If ‘Fantasia’ Hadn’t Flopped 75 Years Ago, What Would Feature Animation Look Like Today?


Seventy-five years ago today, Walt Disney swung for the fences with his third full-length animated feature (and his second in 1940, following Pinocchio). Fantasia has always been an experience as much as a film: over two hours long (not counting an intermission), requiring installation of a special sound system, with segments including a depiction of evolution on Earth as well as a climax wherein a demon is defeated by the inherent goodness of wandering monks. Hell, an opera commentator emcees it, for God’s sake. Little surprise, then, that in spite of its 1940s-era roadshow release, Fantasia ended up losing more money than Pinocchio, only making anything back after decades of re-releases.

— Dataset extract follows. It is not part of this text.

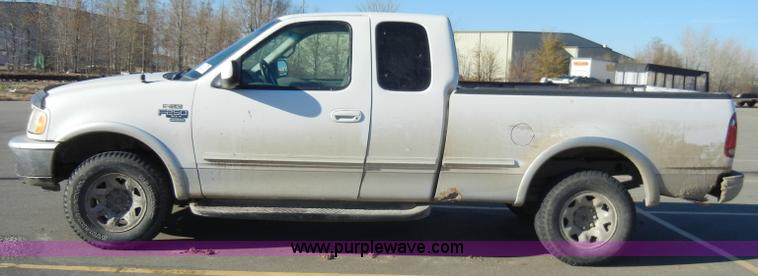 image for item A3352 1998 Ford F250 XLT pickup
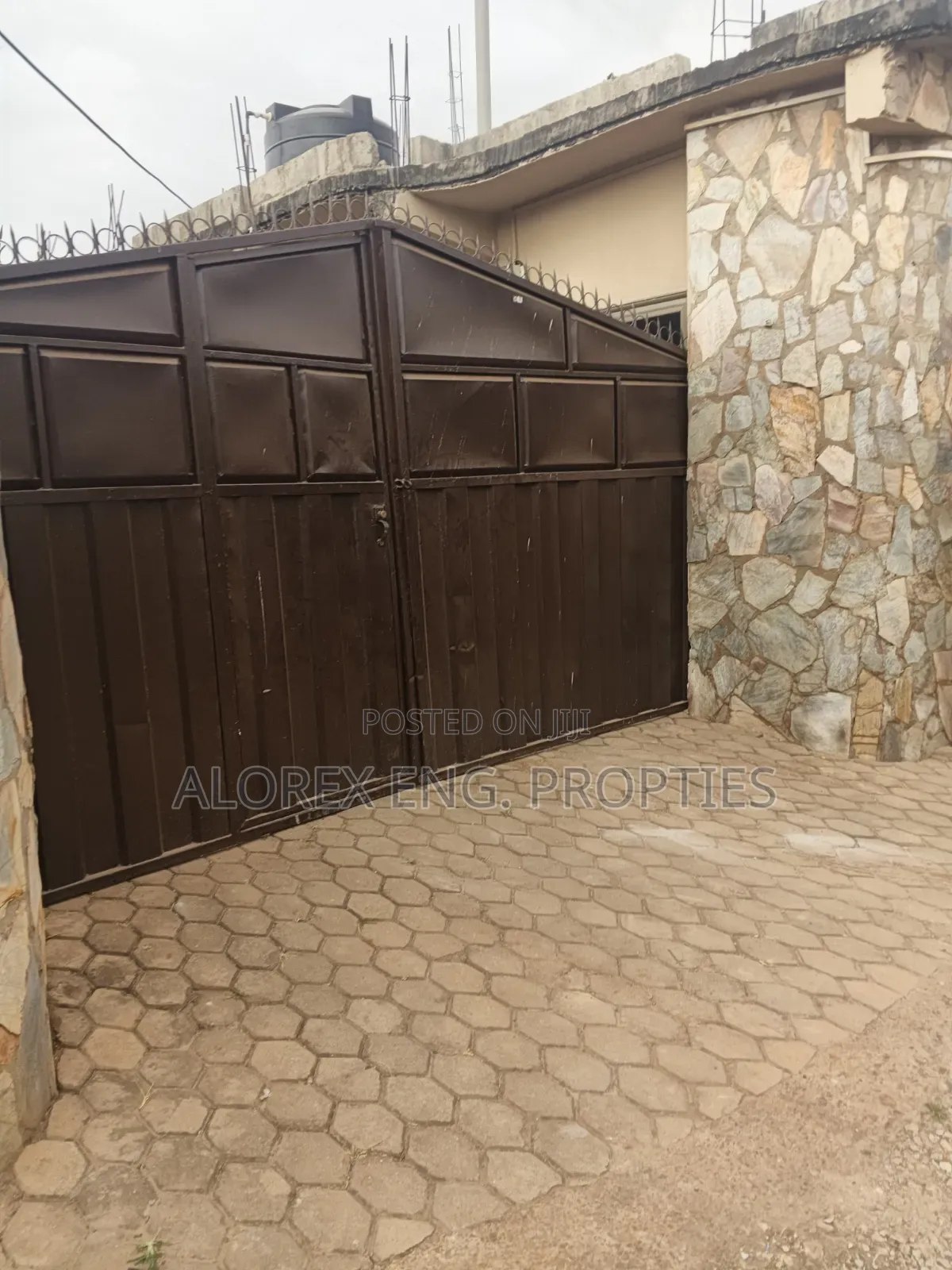 2bdrm Apartment in Adenta, Ashieyie, Frafraha for rent in Frafraha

To paraphrase the writer Eli Cash, while we all know that Fantasia was initially a flop, here’s a question worth asking: What if it weren’t? What if Walt Disney’s forward-thinking ambition in 1940 had paid off? What if Fantasia were as influential for feature animation as Snow White and the Seven Dwarfs? Animation junkies know Walt Disney had planned to make Fantasia a recurring event, had it become a hit like Snow White. He and conductor Leopold Stokowski discussed offering an entirely new film to audiences, or a version of the film with some old segments as well as a few new ones. Some ideas made their way to completion — the “Blue Bayou” segment in Make Mine Music would’ve been scored to Debussy’s “Clair de Lune” in a new Fantasia — while others survived only to be mocked by Bette Midler in Disney’s true follow-up, Fantasia 2000. However, because Fantasia lost hundreds of thousands of dollars, its impact was forever muted.

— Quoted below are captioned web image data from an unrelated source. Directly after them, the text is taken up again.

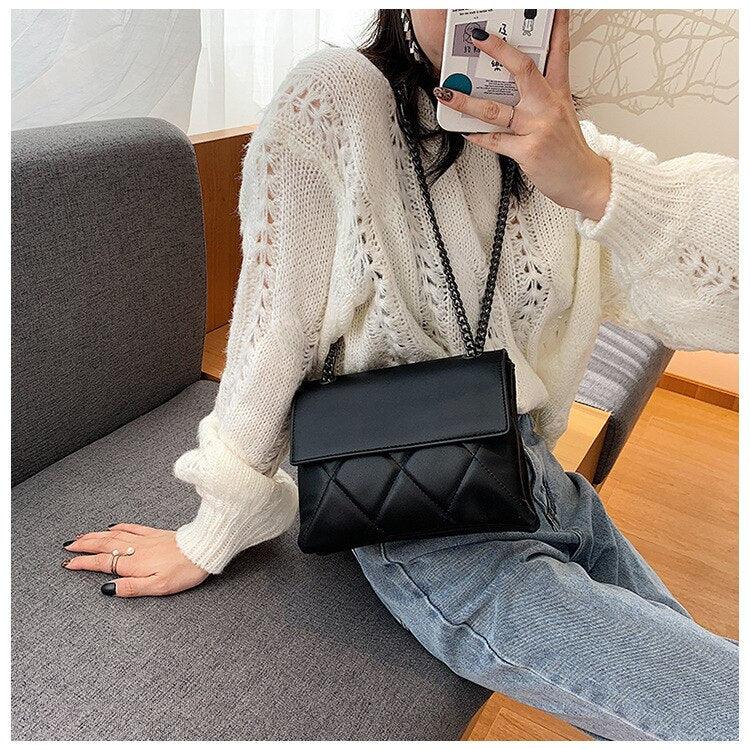 Polished Shoulder Bag in Leather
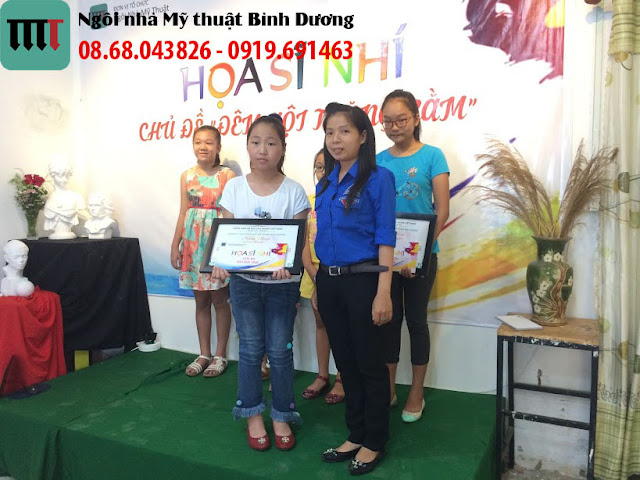 co huynh thi yen trang - giang vien bo mon my thuat trao giai thuong cho cac thi sinh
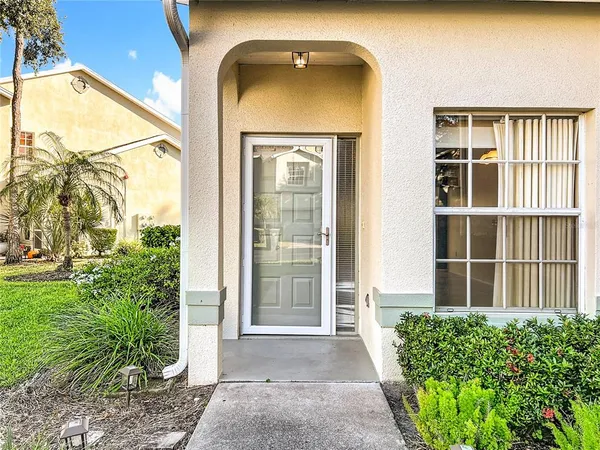 $193,000 | 6330 Green Oak Circle, Unit 6330, Bradenton, FL 34203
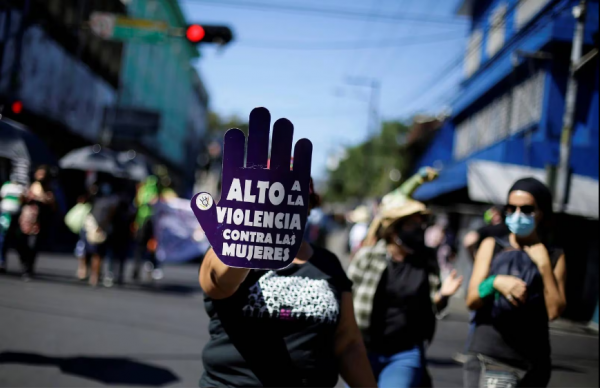 En septiembre se registró un promedio de 3,330 llamadas de emergencia diarias por algún tipo de violencia contra mujeres y niñas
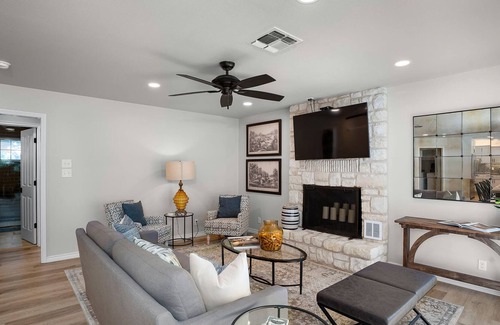 Stonewall Apartamento | M Haus Loft, riverfront, hot tub & near wineries!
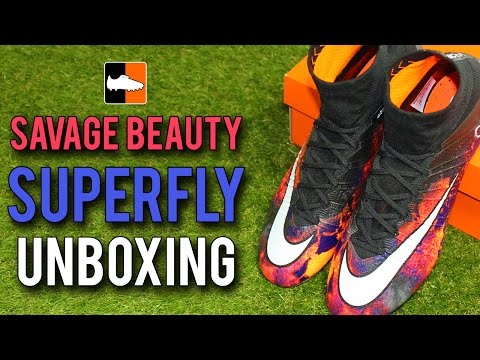 Savage Beauty CR7 Superfly Unboxing - Cristiano Ronaldo Nike Mercurial Boots - UCs7sNio5rN3RvWuvKvc4Xtg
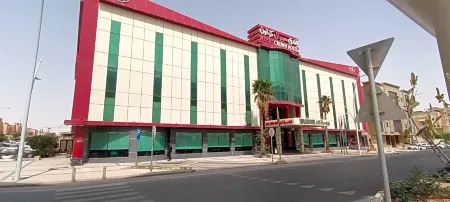 Meral Crown Hotel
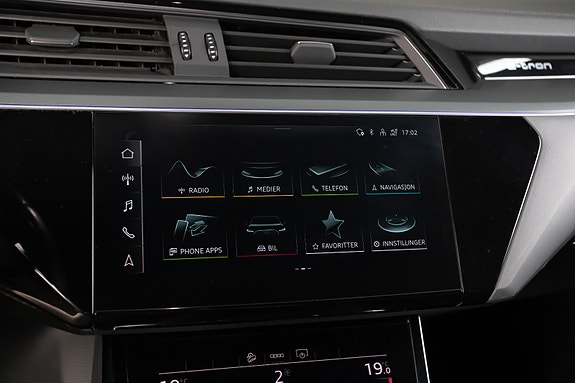 Audi e-tron 18 of 23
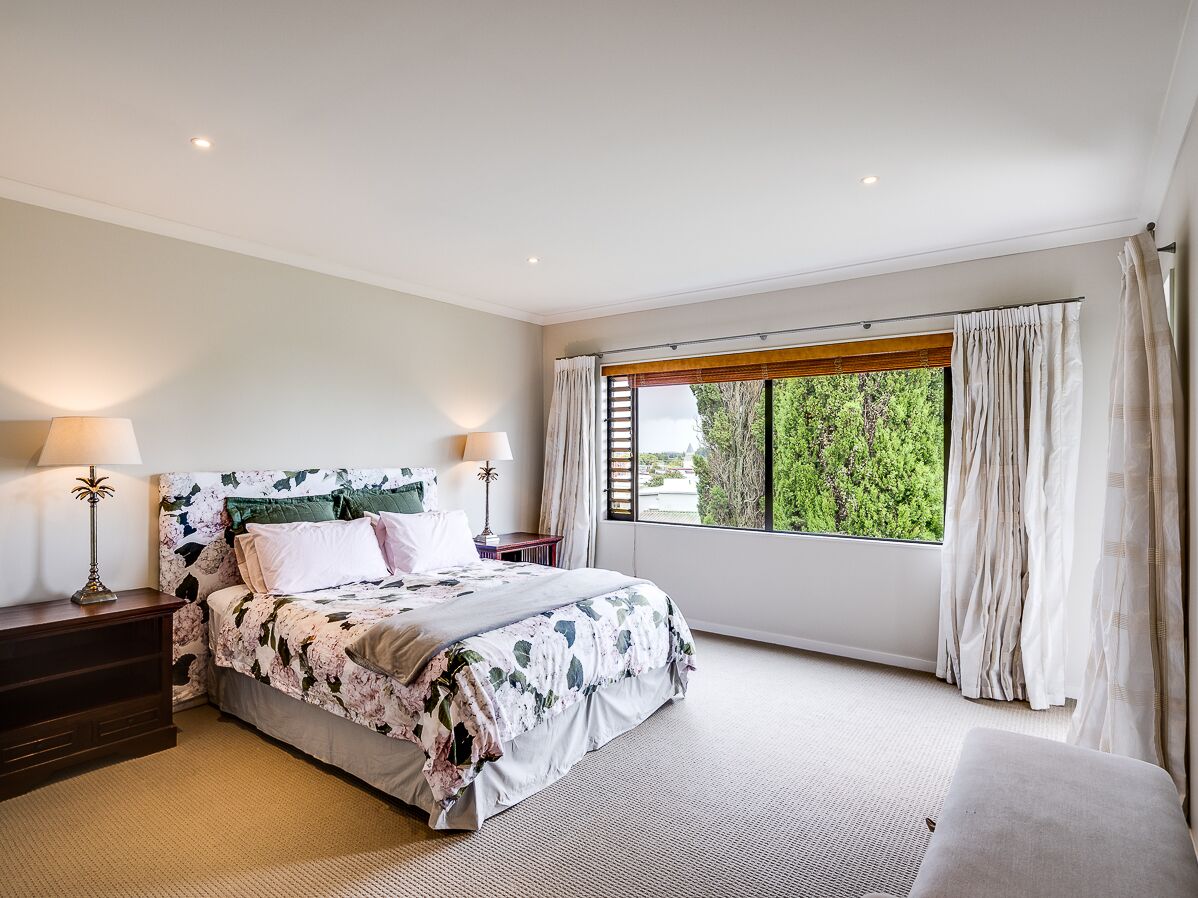 5 bedrooms, iron/ironing board, WiFi, bed sheets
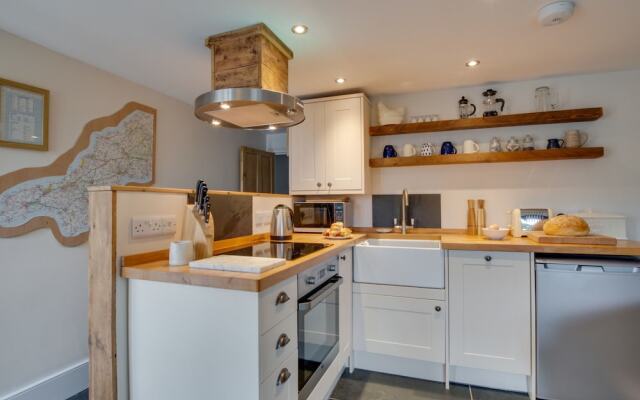 Lovely Holiday Home in Saint Agnes With Garden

Snow White proved definitively that it was possible for audiences to invest the same emotion in a feature-length animated story as a live-action one. In an alternate universe, an instantly successful Fantasia would’ve proven that animation could be more experimental without alienating the masses, as much as disproving the lie that animation is “just for kids.” (The film’s popularity in the late 1960s and 1970s, repositioned as a drug-trip experience, disproves the lie just as much.) Experimentation is at the core of feature animation, even if the current state of mainstream animation storytelling is typified by high-concept ideas, famous voices, and cultural references. If Fantasia were a hit, we’d see more studios vying for audience attention, but with more diverse finished products; indie artists like Ralph Bakshi and Bill Plympton could display their work to a larger audience. This doesn’t guarantee that audience would be receptive — both Bakshi and Plympton flourish as the polar opposite of Disney animation. But their work wouldn’t need to be Kickstarted; experimental animation would be more viable and less risky.

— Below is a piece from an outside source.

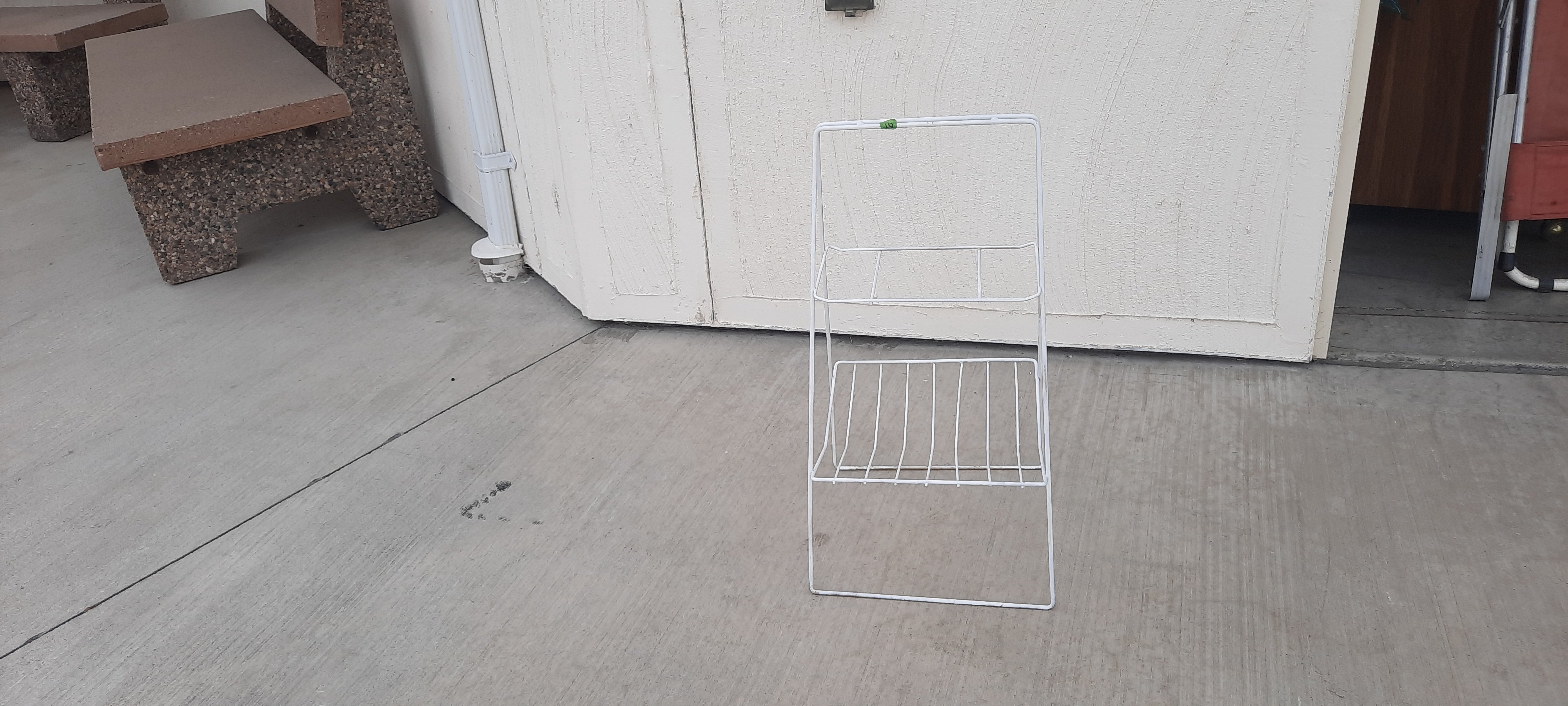 Towel Rack / magazine Stand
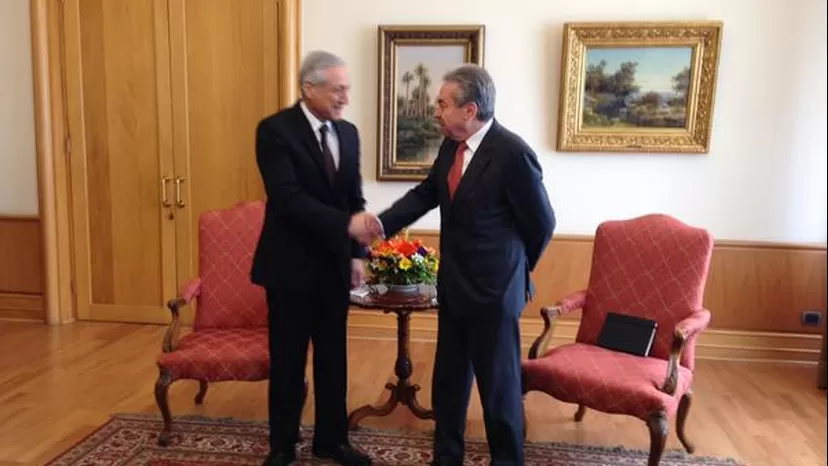 Canciller chileno y embajador de Perú sostuvieron encuentro en Santiago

More importantly, the synthesis of animation and music would be dramatically altered, inspired by Fantasia’s balance of the two. There are a handful of music videos that utilize animation to great effect, from The White Stripes’ Lego-animated “Fell in Love With a Girl,” to Peter Gabriel’s stop-motion “Sledgehammer.” Fantasia could have led to this stylistic choice occurring with greater frequency, and greater impact. Aurally, “Dance of the Hours” has a mildly raucous climax; watching hippos, alligators, and ostriches dance balletically to the Ponchielli piece heightens its buried loopiness. Think what could happen if animators — whether they’re gifted behind a computer or with clay or a pencil — were given free rein to be inspired by music, whether it’s a classical piece such as “Night on Bald Mountain” or Adele’s “Hello.”

Something else Hypothetical Hit Fantasia would’ve altered: how we experience cinema. Disney created the Fantasound system for the film’s roadshow engagements — as big a folly as Snow White, and without the payoff. Now, Fantasound is the norm: Fantasia was the first film released in stereo sound. Then, installing such a distinctive system made it so only two of the theaters where Fantasia played around the country were actual movie theaters; the other 12 were so-called “legitimate theaters” known primarily for the other performing arts, not releasing films. Fantasia 2000 may lack its predecessor’s ambition, but its release strategy was bold: for the first four months of its release, it was only presented in IMAX theaters. To date, it’s the highest-grossing non-documentary IMAX release.

In our world, Fantasia is an exception. It was decades ahead of its time: a technically proficient film in an era when theater exhibitors saw no profit in aural dynamism. If Fantasia was as successful as Walt Disney envisioned when he planned its future, it would have ushered in a period of risk-taking animation where daring moves were demanded, not unexpected. On its 75th anniversary, we should remember that we’re all luckier to live in a world with Fantasia. But how sweet it would be if the riskiest thing Walt Disney ever did was the rule, not the exception.